Recorded data:
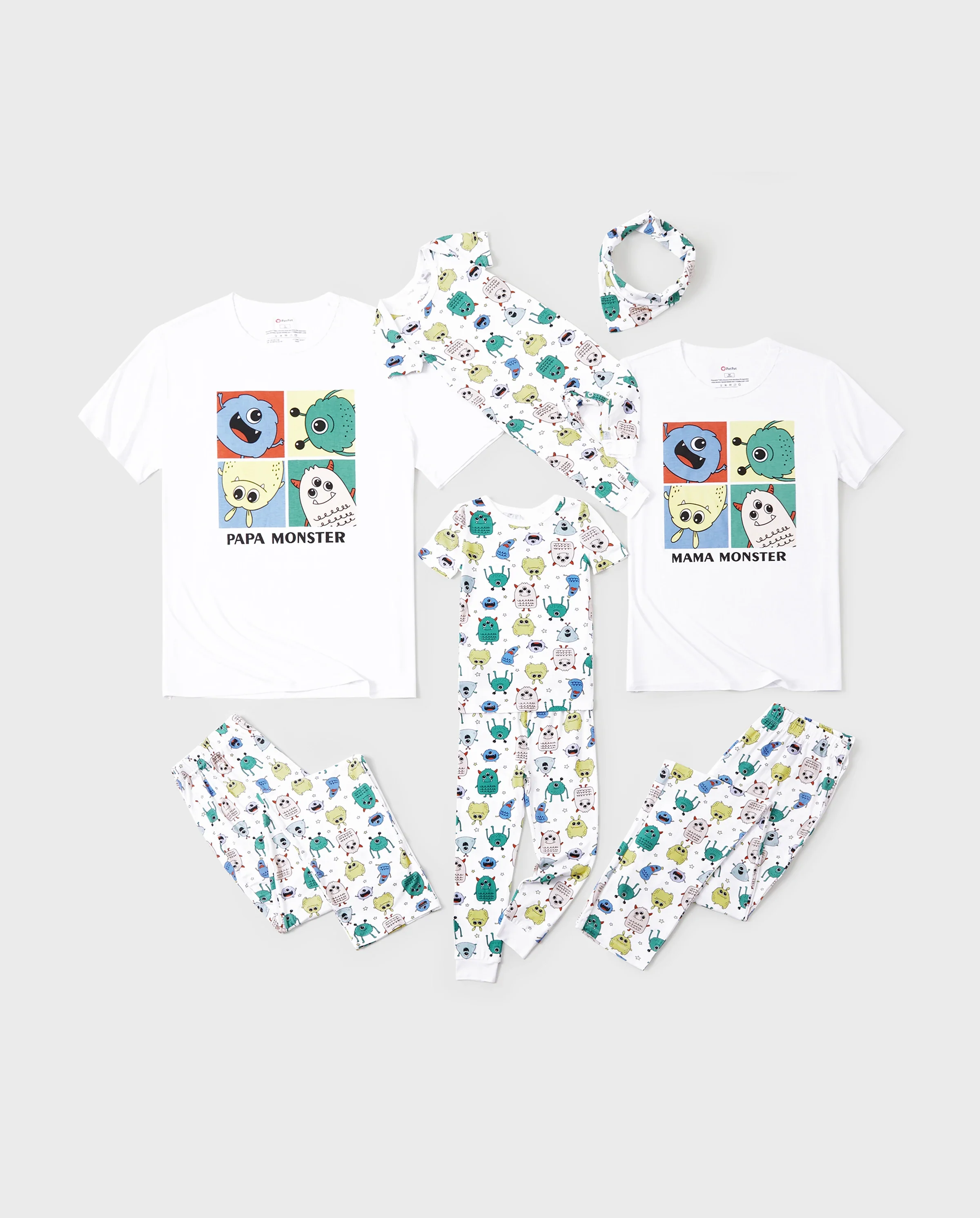 Bamboo Family Pajamas Cute Little Monster Print Short-sleeve Matching Pajama Set ( Snug-Fitting for Children ) White - Image 10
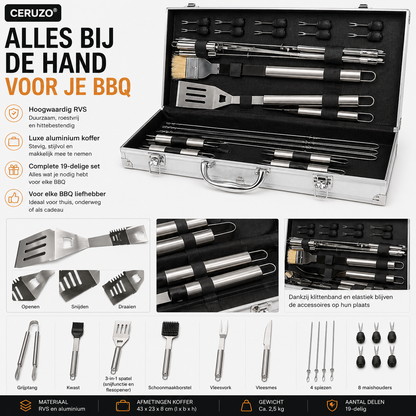 BBQ set met opbergkoffer 43x23x8 cm metaal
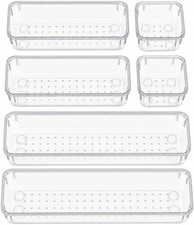 6 PCS Clear Plastic Drawer Organizers Set Storage Trays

Task details:
The pictures should not be reproduced; quote all of the other material exactly.

Response area:
 Bamboo Family Pajamas Cute Little Monster Print Short-sleeve Matching Pajama Set ( Snug-Fitting for Children ) White - Image 10
 BBQ set met opbergkoffer 43x23x8 cm metaal
 6 PCS Clear Plastic Drawer Organizers Set Storage Trays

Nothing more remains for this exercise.